In her latest novel, Christine Schutt once again proves herself an astute observer of human nature, this time detailing the random intimacies of the senior class of the Siddons School in Manhattan’s Upper East Side. Students of the world of privilege, these girls are the product of society’s elite, with a few exceptions.
Obsessed with choosing the appropriate colleges to suit their ambitions, the girls are caught in a unique emotional quandary when one of them, the lithe, beautiful Astra Dell, is struck with a devastating disease that threatens to extinguish her young life, her dancer’s limbs and lush red hair useless in fighting an enemy that attacks from within, wracking her body with pain, fever and huge doses of radiation.
His wife taken by a freak accident, Mr. Dell stands helplessly by while his daughter lies in her hospital bed. Longing for the comfort and certitude of his wife, Mr. Dell is gratified to see a steady stream of visitors who pay homage to a usually exhausted, sleeping Astra. One of the bright stars at Siddons, Astra’s contemporaries cannot ignore her absence, haunted by the occasional thoughts that break through their self-interest, daily complaints and preparation for graduation.
Like a dark cloud, Astra’s illness casts a pall over her classmates’ equanimity, although not all are able to bear the harsh reality of the stark hospital environment. Astra’s table is littered with an excess of good wishes, cards of every shape and size, a reminder of the world outside the isolation of Astra’s battle to reclaim her life.

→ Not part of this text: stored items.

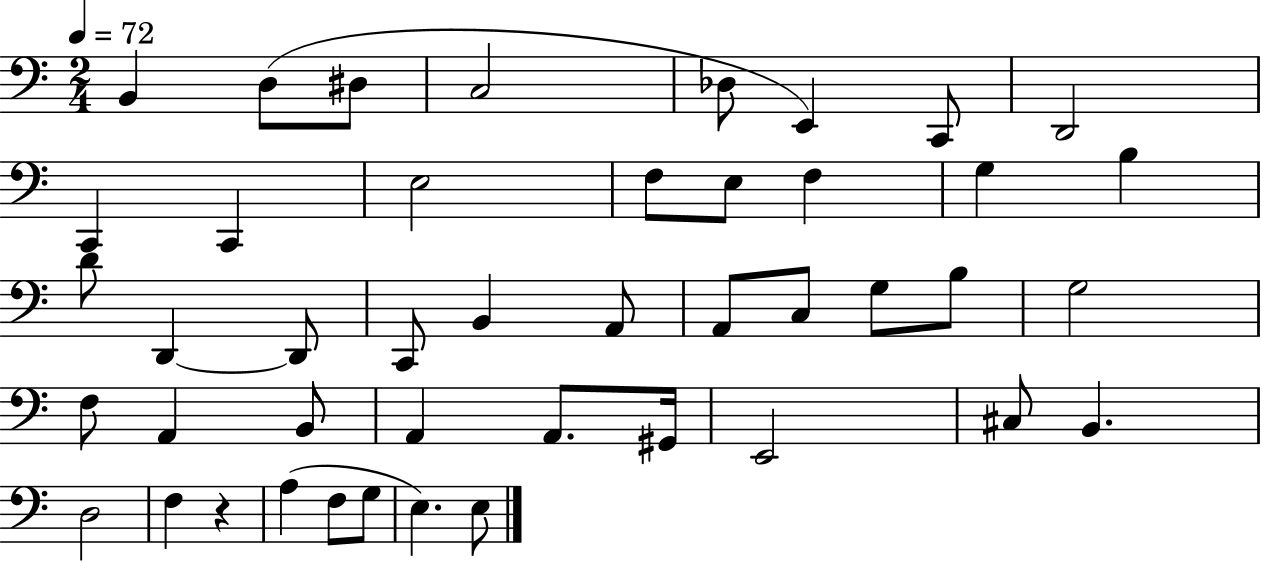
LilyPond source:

{
  \clef bass
  \numericTimeSignature
  \time 2/4
  \key c \major
  \tempo 4 = 72
  b,4 d8( dis8 | c2 | des8 e,4) c,8 | d,2 | \break c,4 c,4 | e2 | f8 e8 f4 | g4 b4 | \break d'8 d,4~~ d,8 | c,8 b,4 a,8 | a,8 c8 g8 b8 | g2 | \break f8 a,4 b,8 | a,4 a,8. gis,16 | e,2 | cis8 b,4. | \break d2 | f4 r4 | a4( f8 g8 | e4.) e8 | \break \bar "|."
} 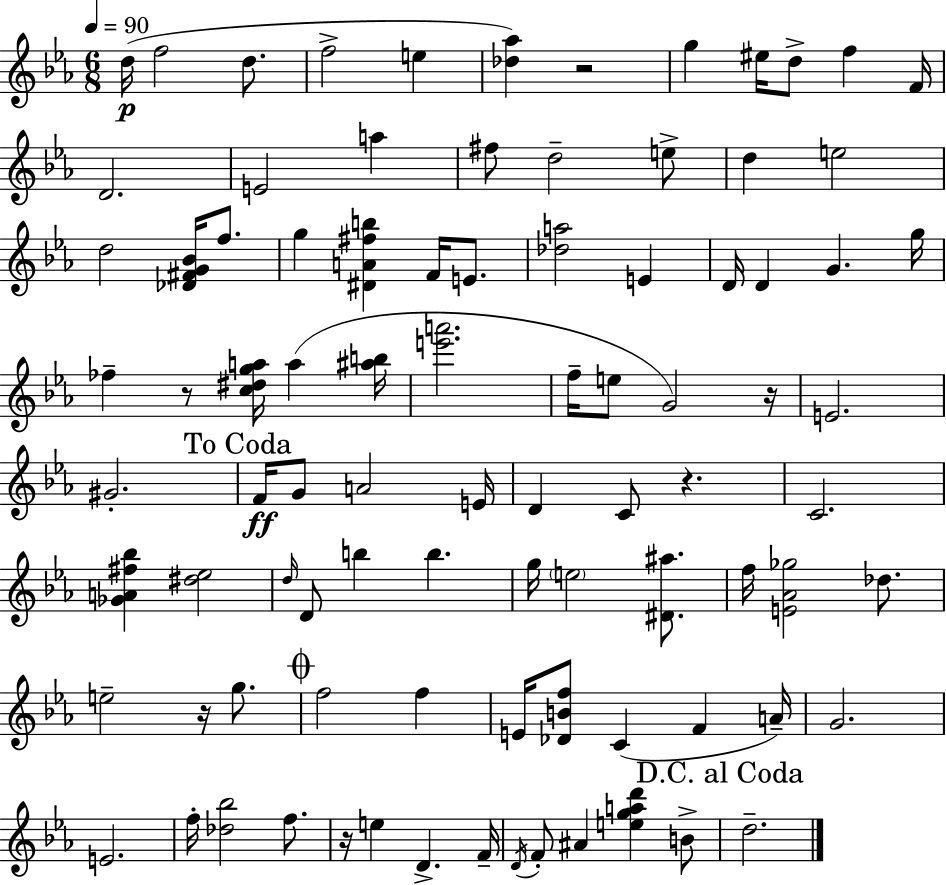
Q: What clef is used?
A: treble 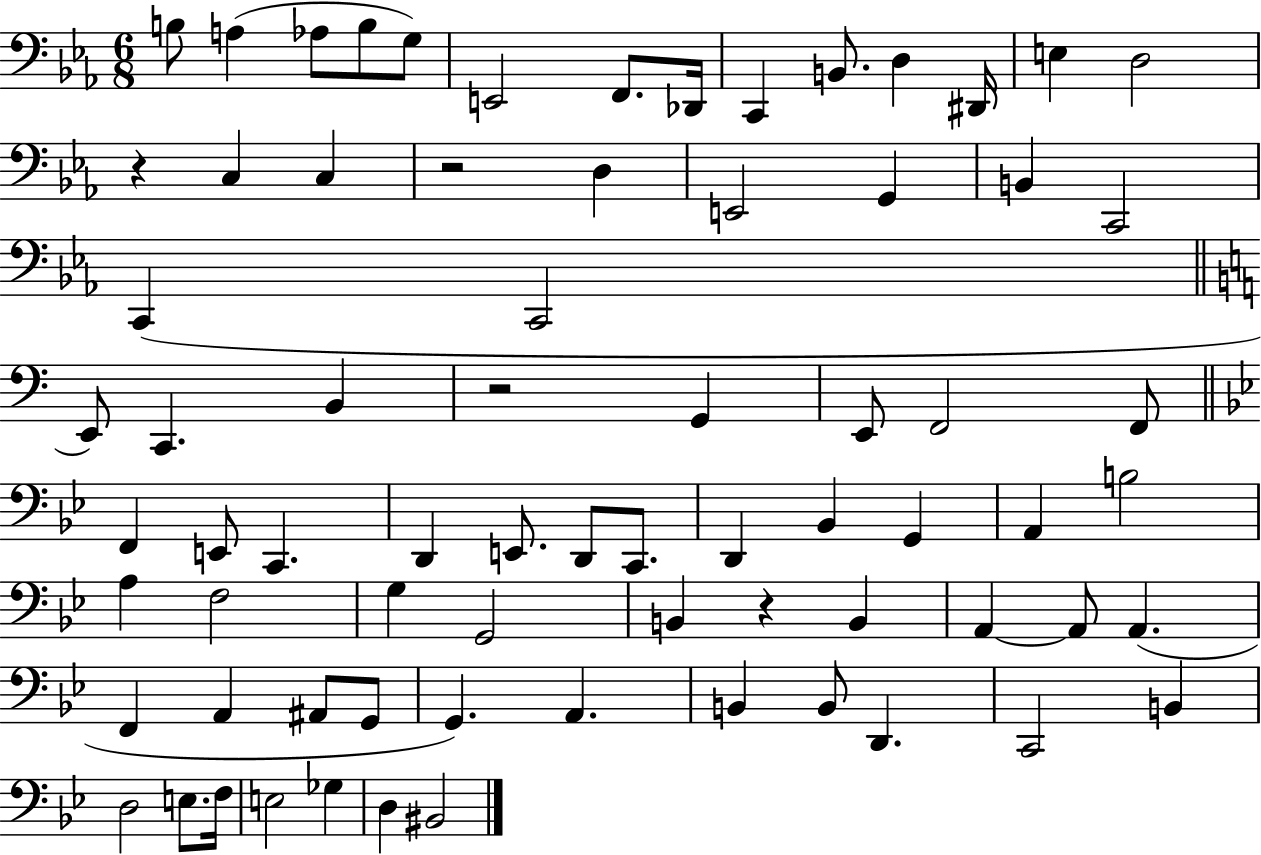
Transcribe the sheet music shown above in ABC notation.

X:1
T:Untitled
M:6/8
L:1/4
K:Eb
B,/2 A, _A,/2 B,/2 G,/2 E,,2 F,,/2 _D,,/4 C,, B,,/2 D, ^D,,/4 E, D,2 z C, C, z2 D, E,,2 G,, B,, C,,2 C,, C,,2 E,,/2 C,, B,, z2 G,, E,,/2 F,,2 F,,/2 F,, E,,/2 C,, D,, E,,/2 D,,/2 C,,/2 D,, _B,, G,, A,, B,2 A, F,2 G, G,,2 B,, z B,, A,, A,,/2 A,, F,, A,, ^A,,/2 G,,/2 G,, A,, B,, B,,/2 D,, C,,2 B,, D,2 E,/2 F,/4 E,2 _G, D, ^B,,2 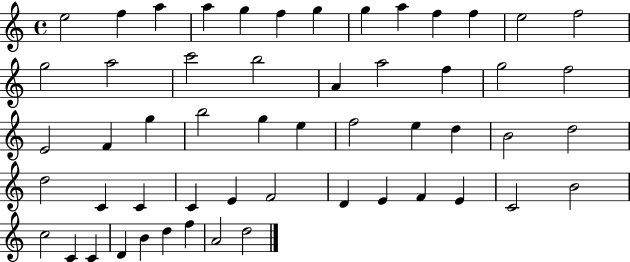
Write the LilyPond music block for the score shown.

{
  \clef treble
  \time 4/4
  \defaultTimeSignature
  \key c \major
  e''2 f''4 a''4 | a''4 g''4 f''4 g''4 | g''4 a''4 f''4 f''4 | e''2 f''2 | \break g''2 a''2 | c'''2 b''2 | a'4 a''2 f''4 | g''2 f''2 | \break e'2 f'4 g''4 | b''2 g''4 e''4 | f''2 e''4 d''4 | b'2 d''2 | \break d''2 c'4 c'4 | c'4 e'4 f'2 | d'4 e'4 f'4 e'4 | c'2 b'2 | \break c''2 c'4 c'4 | d'4 b'4 d''4 f''4 | a'2 d''2 | \bar "|."
} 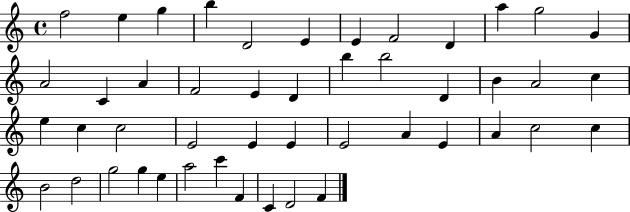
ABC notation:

X:1
T:Untitled
M:4/4
L:1/4
K:C
f2 e g b D2 E E F2 D a g2 G A2 C A F2 E D b b2 D B A2 c e c c2 E2 E E E2 A E A c2 c B2 d2 g2 g e a2 c' F C D2 F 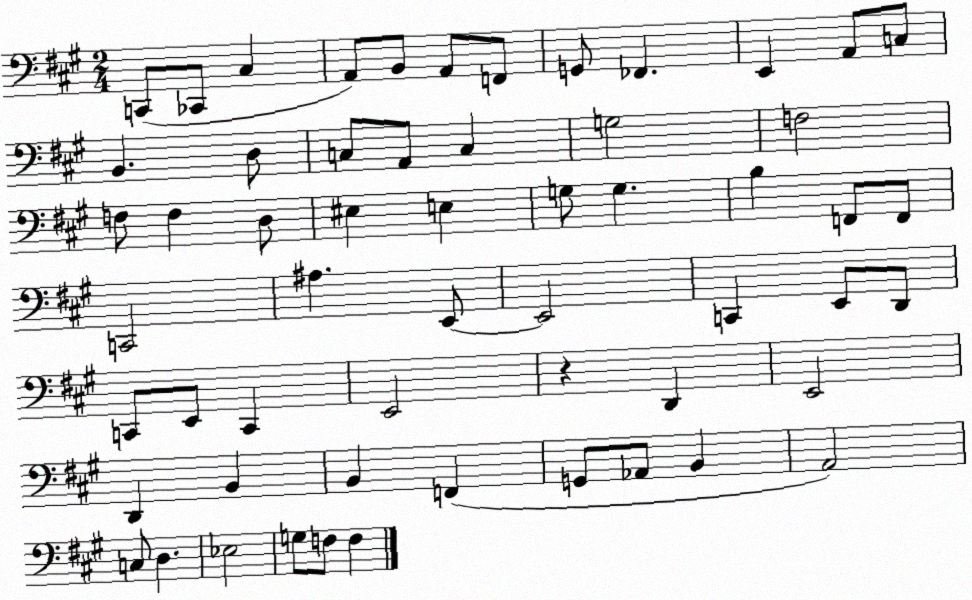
X:1
T:Untitled
M:2/4
L:1/4
K:A
C,,/2 _C,,/2 ^C, A,,/2 B,,/2 A,,/2 F,,/2 G,,/2 _F,, E,, A,,/2 C,/2 B,, D,/2 C,/2 A,,/2 C, G,2 F,2 F,/2 F, D,/2 ^E, E, G,/2 G, B, F,,/2 F,,/2 C,,2 ^A, E,,/2 E,,2 C,, E,,/2 D,,/2 C,,/2 E,,/2 C,, E,,2 z D,, E,,2 D,, B,, B,, F,, G,,/2 _A,,/2 B,, A,,2 C,/2 D, _E,2 G,/2 F,/2 F, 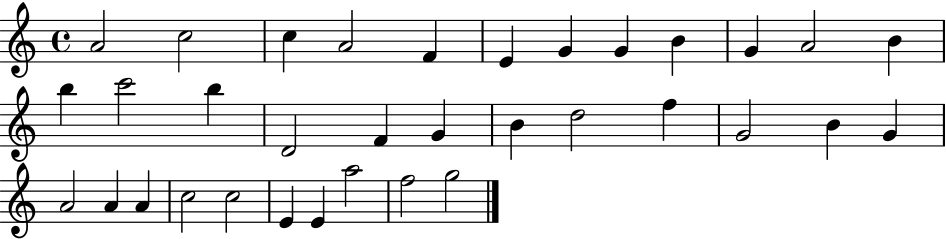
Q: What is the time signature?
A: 4/4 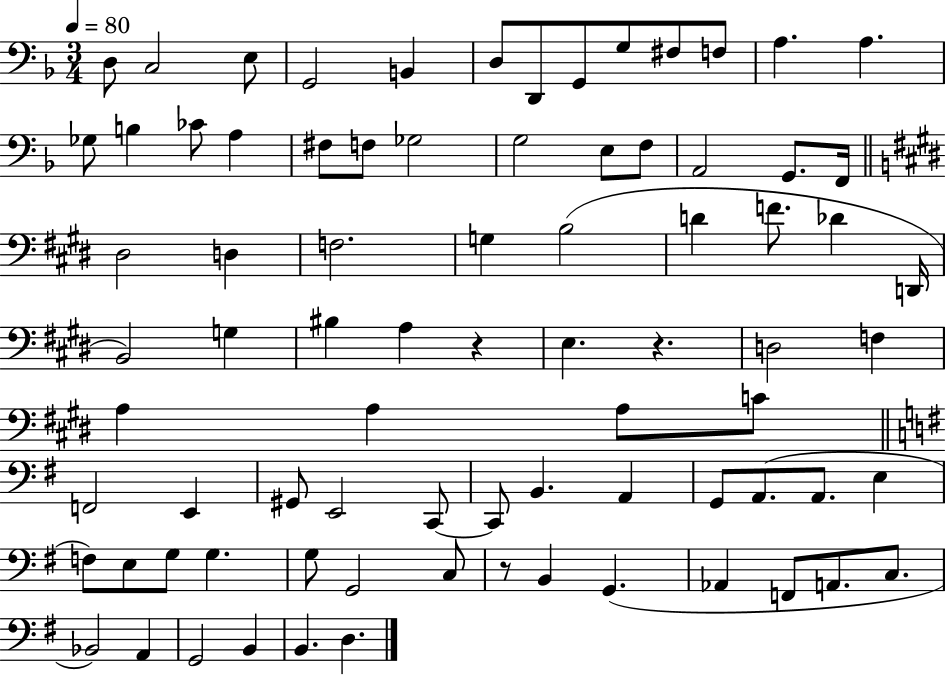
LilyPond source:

{
  \clef bass
  \numericTimeSignature
  \time 3/4
  \key f \major
  \tempo 4 = 80
  \repeat volta 2 { d8 c2 e8 | g,2 b,4 | d8 d,8 g,8 g8 fis8 f8 | a4. a4. | \break ges8 b4 ces'8 a4 | fis8 f8 ges2 | g2 e8 f8 | a,2 g,8. f,16 | \break \bar "||" \break \key e \major dis2 d4 | f2. | g4 b2( | d'4 f'8. des'4 d,16 | \break b,2) g4 | bis4 a4 r4 | e4. r4. | d2 f4 | \break a4 a4 a8 c'8 | \bar "||" \break \key g \major f,2 e,4 | gis,8 e,2 c,8~~ | c,8 b,4. a,4 | g,8 a,8.( a,8. e4 | \break f8) e8 g8 g4. | g8 g,2 c8 | r8 b,4 g,4.( | aes,4 f,8 a,8. c8. | \break bes,2) a,4 | g,2 b,4 | b,4. d4. | } \bar "|."
}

The most frequent visitor is Marlene Kovacs, a weed among the elegant, long-stemmed roses that are her Siddons’ classmates. Marlene’s motives are obscure; she feels more significantly connected in Astra’s presence, even compelled to steal the poignant, honest notes sent by Astra’s best friend.
That friend, Carlotta Forester, drifts from her mother’s home to her father’s empty apartment, mirroring the barely-tethered days of the beleaguered Astra. Anna Mazur visits with another teacher, the impressionable students’ favorite bachelor; Anna wants more from Tim Weeks, who remains uncommitted in the face of her need. Then there are Suki and Alex, or SukiandAlex, who walk the New York streets in hopes of encountering the object of their puerile fantasies, Alex making a video of senior activities for their sick friend.
The cast of diverse characters are satellites to the long-suffering, remarkable Astra, a pale, hairless ghost of what the real world portends. Contrasting the constant chaos of adolescence on the cusp of the future with Astra’s dilemma, Schutt seamlessly marries these girls to the unpredictable, indifferent threat of random fate, a clear, precise vision of privilege marred by tragedy.